Land & Environment
When thinking about my relationship to ecology and the environment, since I'm from Oklahoma, the Oklahoma Land Rush always comes to mind, especially since my classmates and I "reenacted" it in 3rd grade, a peculiar form of naturalized eco-domineering, colonial propaganda played out as a fun day where we all go on a run and set up little picnic spots. Descriptions of this spectacular event of the frontier seem to foreshadow the underbelly of manipulation, broken-treaties, & unrestrained violence against native peoples and the environment that permeate and often give basis to structures of colonial domination like the Army Corps of Engineers, the National Parks Service (less now than its origin), and the Bureau of Indian Affairs. Many of what would become the largest cities were already plotted out and marked before the signal to move on the "empty" land was even given, and the symbols of the rugged Cowboy and the cheating Sooner still embody the deeply identified-with rivalry of our two major college football teams at OSU & OU, respectively. In 7th grade, when we learned about & played the game The Oregon Trail, my image of Tom Cruise in Far and Away realizing his dream of having his own land and beating out the competition for his claim was quickly changed to a more brutal, maybe Hobbesian, picture of what life may have been like for settlers.
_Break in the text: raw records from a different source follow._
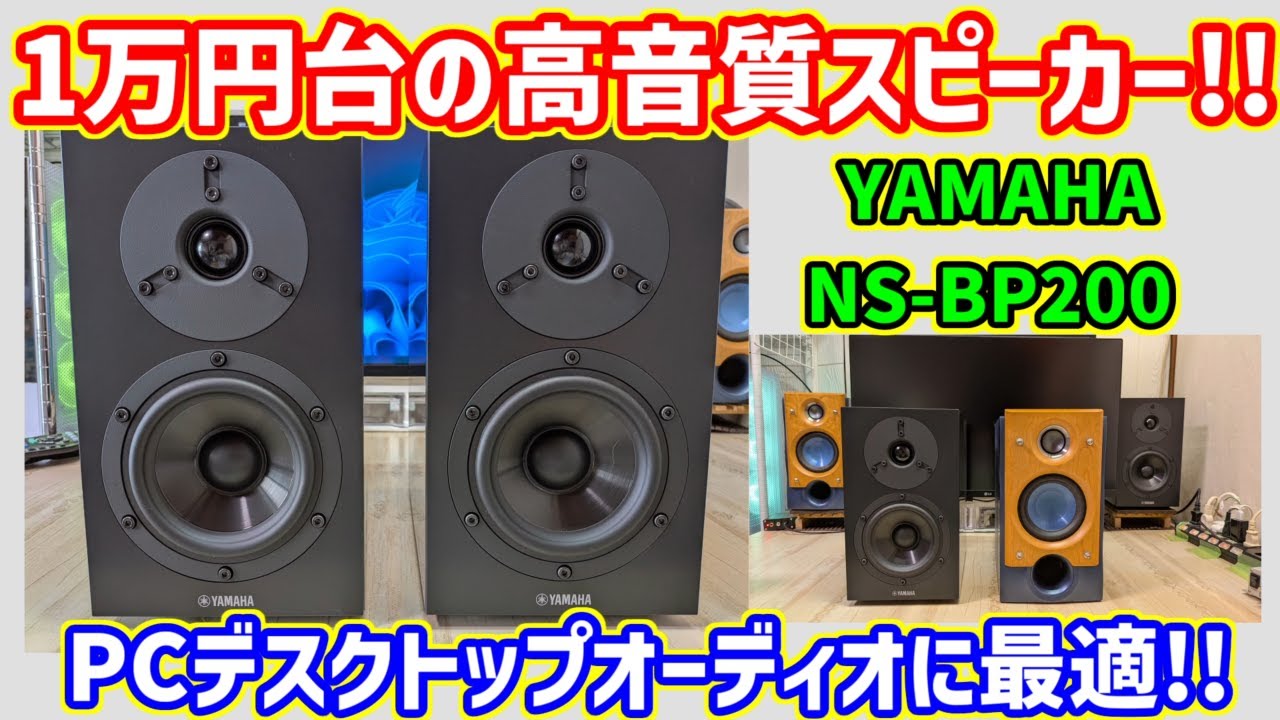 YAMAHA スピーカー NS-BP200BP 連番！ 動作確認済み】ヤマハYAMAHA NS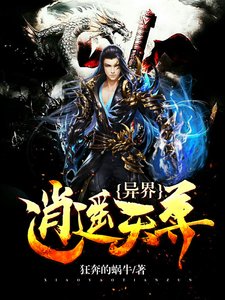 異界逍遙天尊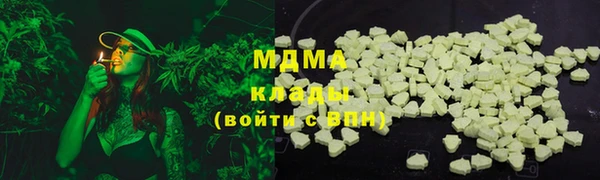 COCAINE Алексеевка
A romantic view of native life would also be an injustice, but practices that embodied sustainability or any type of ethic with or to the land as anything other than artefact are hard to find for Western thinkers even in the most sympathetic reading of a Lockean property arrangement, which in most of the America's has the unspoken prior term of clearing the land or marking land as empty or passive with a complementary Humanist-Western-Chauvinist-Exceptionalism that marks nature (the feminine) and the native as other.
My own environmental ethic would probably be located between the thoughts of Felix Guattari (highly influenced by Deep Ecology and moving it into "three" ecologies of the natural/material environment, social life, and psychic worlds which all produce hybrid assemblages, all while maintaining a bodily machinist outlook that heterogenously unifies human and nonhuman agents and matter in plugging and unplugging processes) and Tuck & Yang and several other indigenous historians and theorists/activists that emphasize land-based pedagogies & non-metaphorical decolonization which tends to be in dialogue with settler-anthropogenic climate change & necessary steps to get out of or disrupt the incommensurable conditions of structural settler colonial violence.